Just what would that mean? I put this question to Blendon because he knows more about health care policy and politics than many reformers. While some have immersed themselves in the wonky intricacies of health care policy, and others are well-versed in the intrigue of American politics, Blendon knows both–as his cross-appointment at the Kennedy School and the School of Public Health suggests. Even when what he says is not what I want to hear, I recognize that Blendon understands “the political process.” He knows that Democracy is messy and that, often, it is disappointing. Above all, it is a process of constant, unending negotiation.

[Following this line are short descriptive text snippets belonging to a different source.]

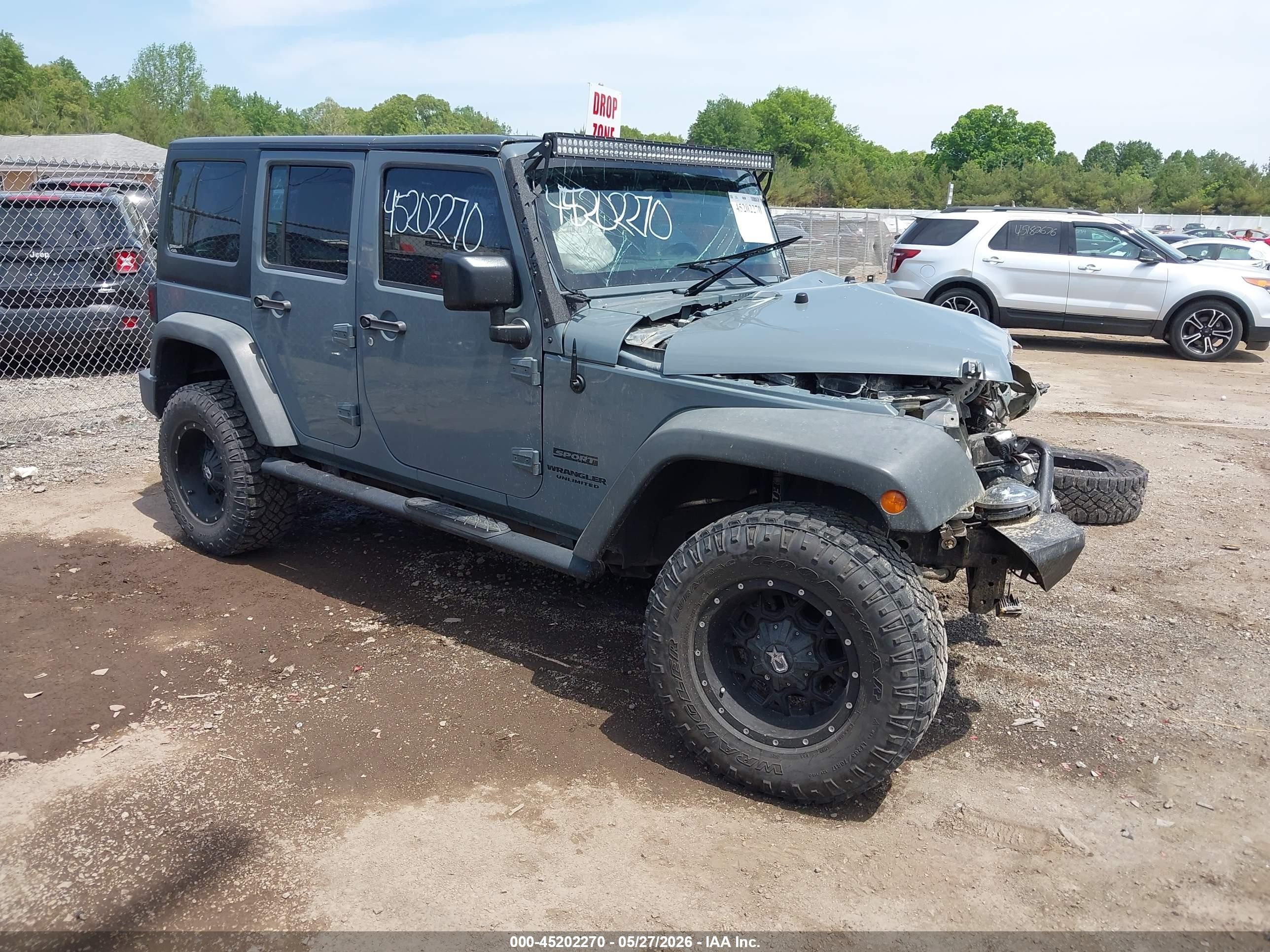 2015 Jeep Wrangler Unlimited Sport Gray vin: 1C4BJWDG2FL642730
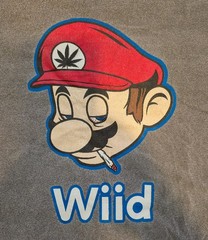 Vintage RARE Super Mario Stoner Parody Wiid T Shirt Big Face Size Small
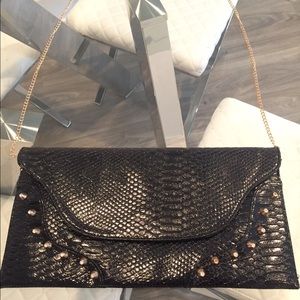 Black Snake effect Clutch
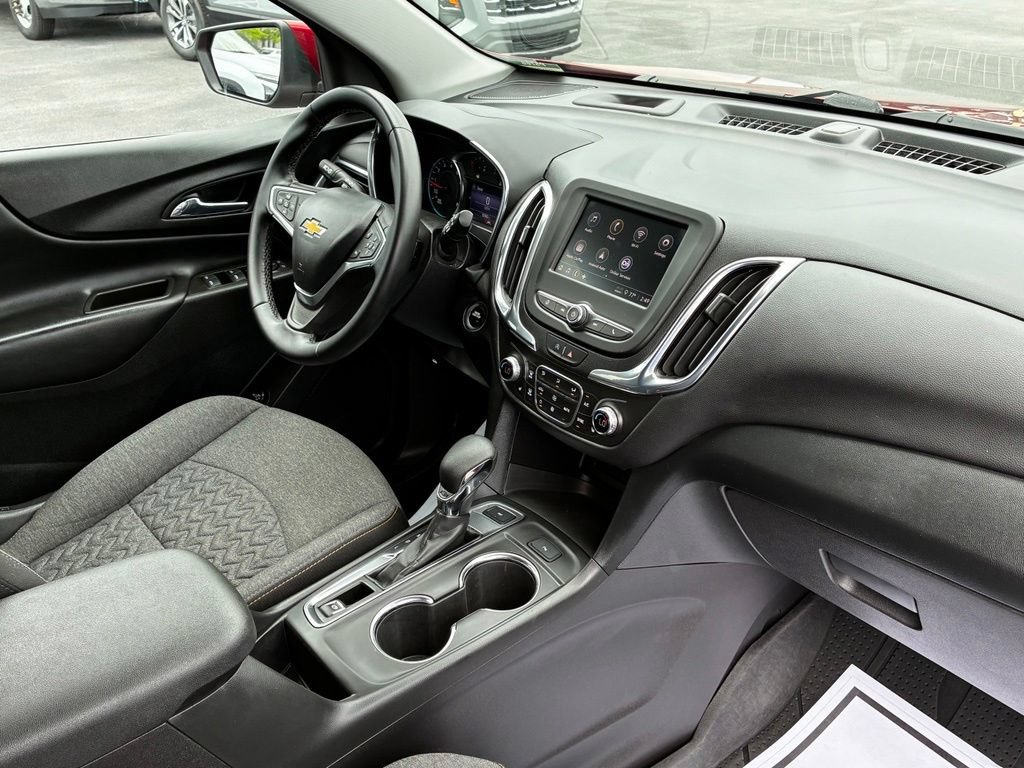Used 2023 Chevrolet Equinox LT AWD/4WD image 25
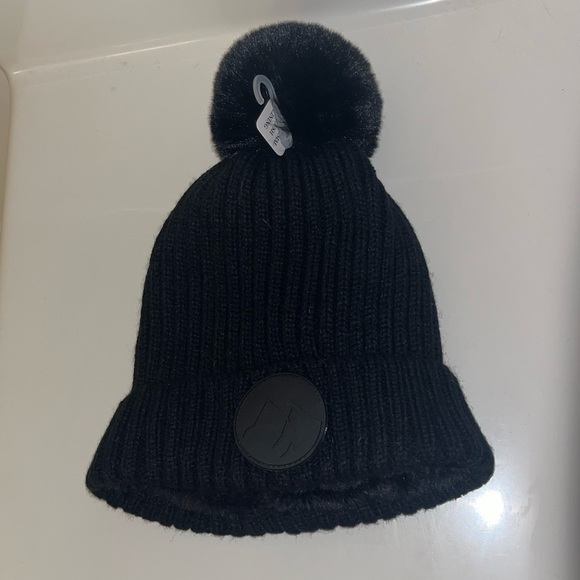 Other - Black Pom-Pom Knit Beanie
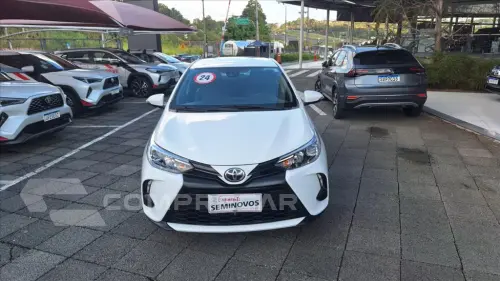 Toyota YARIS 1.5 16V FLEX SEDAN XS MULTIDRIVE 4 portas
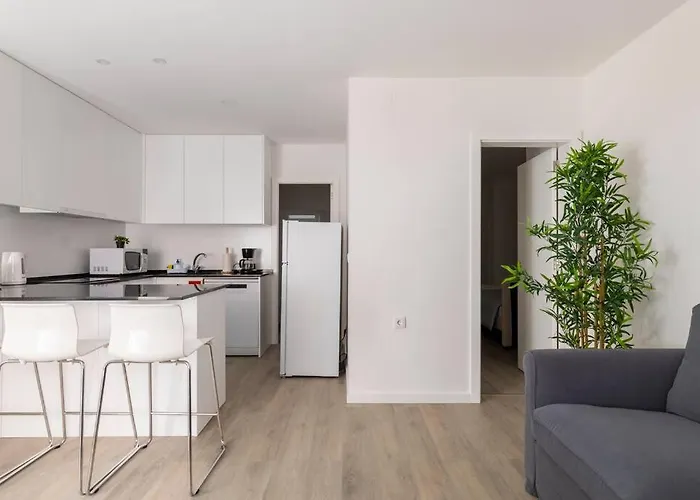 Cozy And Modern Flat In * Lisboa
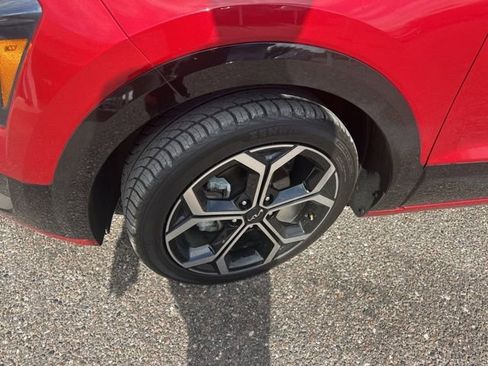 Used 2023 Kia Niro EX Touring image 8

This year, Democrats will take whatever they can get: they are committed to making progress on healthcare reform. So they will not make the mistake Democrats made in the early 1990s when they insisted on “all or nothing.” Blendon suggests that this year, Phase I might mean a bill that mandates that all children must have insurance, with subsidies for families who cannot afford it.
The administration also is likely to begin Medicare Reform this year, in an effort to lift the quality of Medicare while lowering the costs. By using the comparative effectiveness research we now have when deciding how much to pay for certain services, and by beginning to reimburse Medicare physicians for outcomes rather than volume, reformers could start to set standards for national health reform..
Finally, Blendon suggests, Congress might decide to let 55-65 year olds buy into Medicare. Though this
would be expensive. Today, Medicare is so wasteful that the premiums for this age group would be high; many would require subsidies.
The idea that this year, Congress may only pass Phase 1 of universal coverage will disappoint many.
Yet as observers such as Dr. Atul Gawande have pointed out one cannot transform a $1.7 trillion industry “with the flip of a switch.” I agree. Inevitably, universal health reform will unfold in stages. The goal, as President Obama has said with great consistency, is to cover everyone “by the end of my first term. “
Finally, Blendon points out that in 2010 a number of Republican Senators will be running in states that Obama won. Following that election, liberal Democrats might well have the votes they need to pass universal coverage— without making concessions that could, in the end, hand control of national health reform over to the for-profit insurance industry.